Uncovering What, Why and How: A Comprehensive Benchmark for Causation Understanding of Video Anomaly
Summary: arXiv:2405.00181v3 Announce Type: replace-cross
Abstract: Video anomaly understanding (VAU) aims to automatically comprehend unusual occurrences in videos, thereby enabling various applications such as traffic surveillance and industrial manufacturing. While existing VAU benchmarks primarily concentrate on anomaly detection and localization, our focus is on more practicality, prompting us to raise the following crucial questions: “what anomaly occurred?”, “why did it happen?”, and “how severe is this abnormal event?”. In pursuit of these answers, we present a comprehensive benchmark for Causation Understanding of Video Anomaly (CUVA).
Introduction to Causation Understanding of Video Anomaly (CUVA)
Video anomaly understanding has emerged as a vital area of research aimed at automatically interpreting unusual events within video sequences.
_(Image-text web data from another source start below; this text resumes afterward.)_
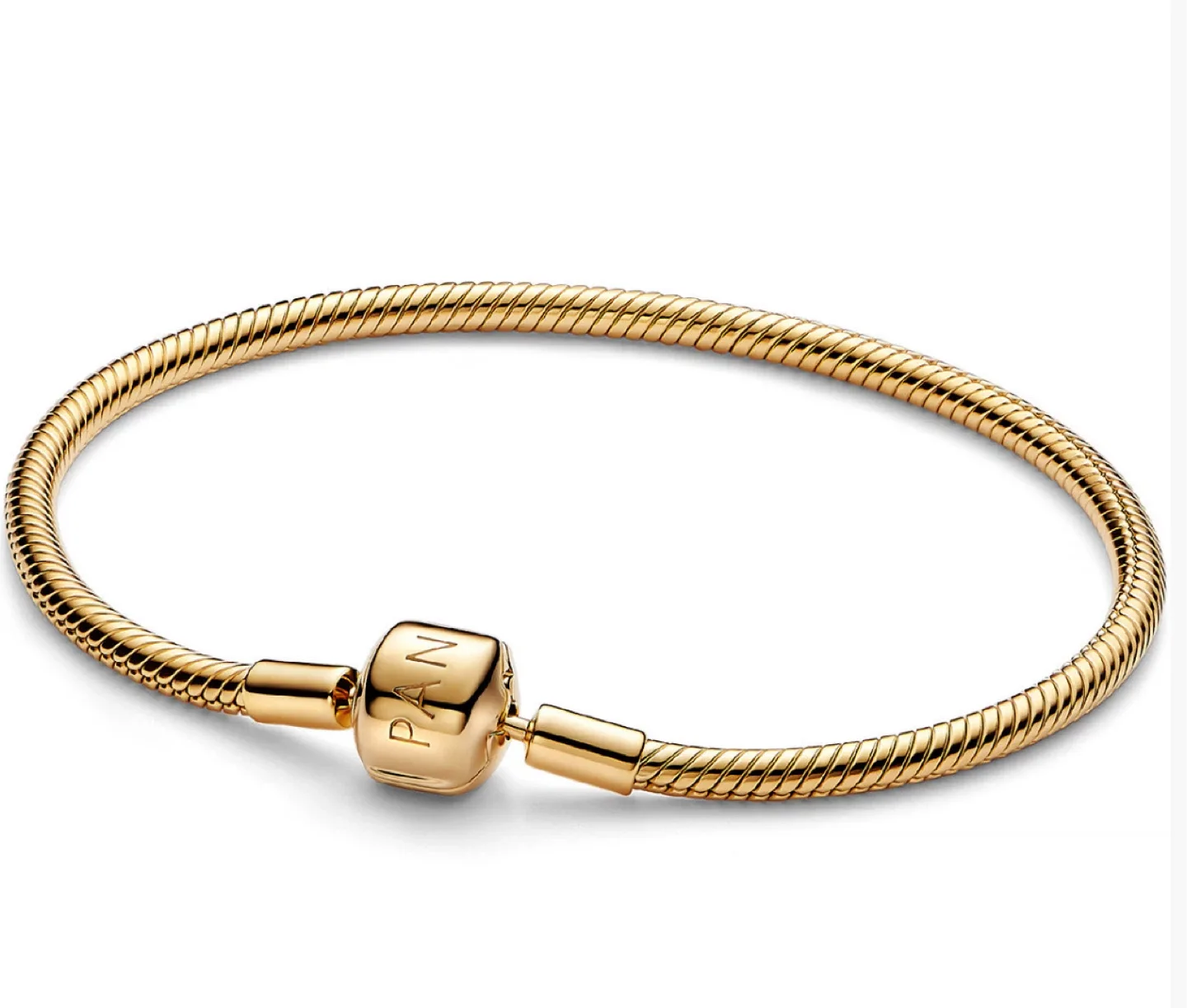 Pandora Charm Bracelet The price start at $100 EACH image indicator(7)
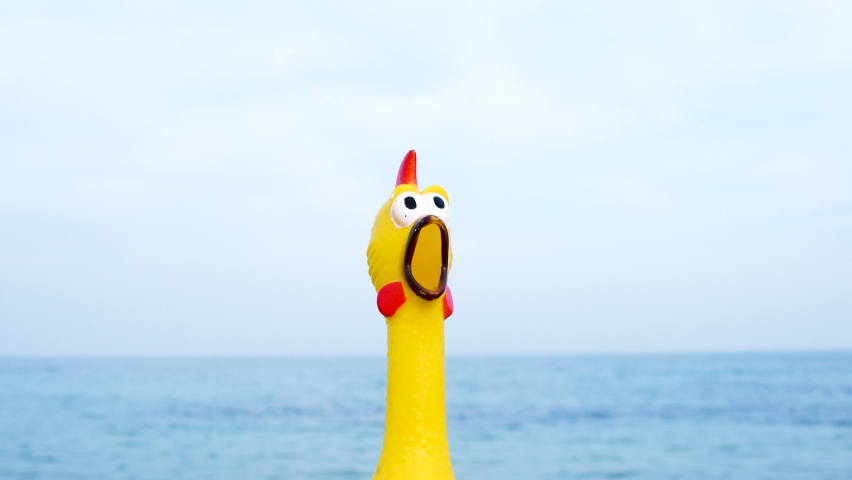 Funny and silly playful video of a rubber chicken toy at the beach. Chicken is looking in different directions surprised by the sea or ocean. Overwhelmed with emotions. Comical scene. Traveling humor. Royalty-Free Stock Footage #1069524430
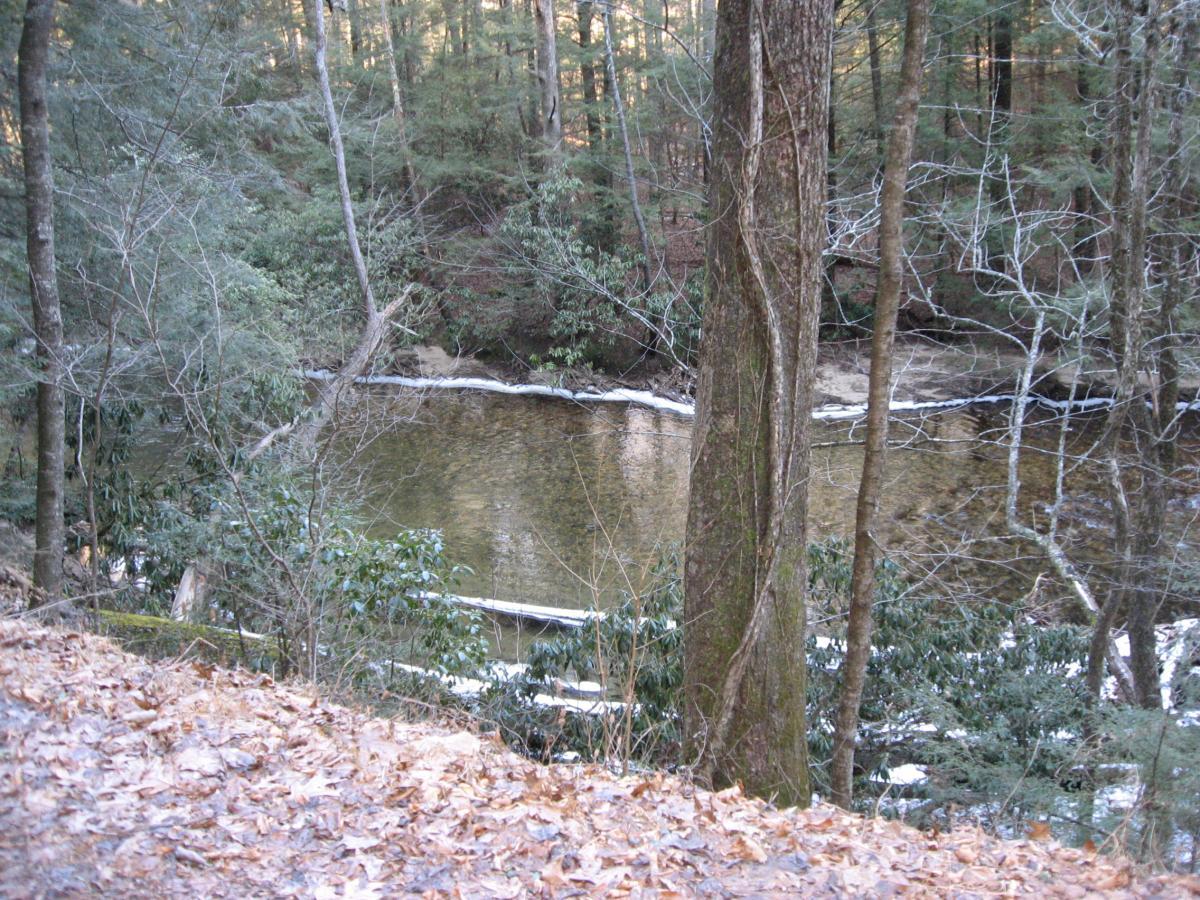 A serene forest scene featuring a calm river surrounded by trees and foliage. The ground is covered in fallen leaves, and the water reflects the greenery, creating a peaceful natural setting. Cooper Creek mountain bike trail.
This capability is particularly important in fields like traffic surveillance, security monitoring, and quality control in industrial settings. However, conventional benchmarks have typically emphasized the detection and localization of anomalies without delving into the underlying causes and consequences of these events.
Key Questions Addressed by CUVA
Our benchmark seeks to address three fundamental questions that are crucial for a deeper understanding of video anomalies:
- What anomaly occurred? – Identifying the type of anomaly, its start and end times, as well as descriptive event characteristics.
- Why did it happen? – Providing natural language explanations that elucidate the causal factors behind the anomaly.
- How severe is this abnormal event? – Offering qualitative assessments of the impact or consequences stemming from the anomaly.
Benchmark Structure and Annotations
The CUVA benchmark comprises three distinct sets of human annotations for each video anomaly instance:
- Anomaly type, start and end times, along with event descriptions.
- Natural language explanations detailing the cause of the anomaly.
- Free text reflecting the effects or ramifications of the abnormality.
Introduction of MMEval: A Novel Evaluation Metric
To facilitate a more accurate assessment of the understanding of these anomalies, we introduce MMEval, a novel evaluation metric designed to align closely with human preferences for CUVA. This metric allows researchers to measure the effectiveness of existing large language models (LLMs) in grasping the causal relationships and effects associated with video anomalies.
Proposed Methodology and Experiments
In addition to the benchmark and evaluation metric, we propose a prompt-based methodology that serves as a baseline approach for tackling the CUVA challenges. Our extensive experiments demonstrate the superiority of our evaluation metric and prompt-based approach, showcasing their efficacy in enhancing the understanding of video anomalies.
Access to Resources
For researchers and practitioners interested in exploring our work further, the code and dataset associated with CUVA are publicly available at https://github.com/fesvhtr/CUVA.
Conclusion
The Causation Understanding of Video Anomaly (CUVA) benchmark represents a significant advancement in the field of video anomaly understanding. By addressing not only the occurrence of anomalies but also their causes and effects, we pave the way for more sophisticated applications and better interpretability in automated systems.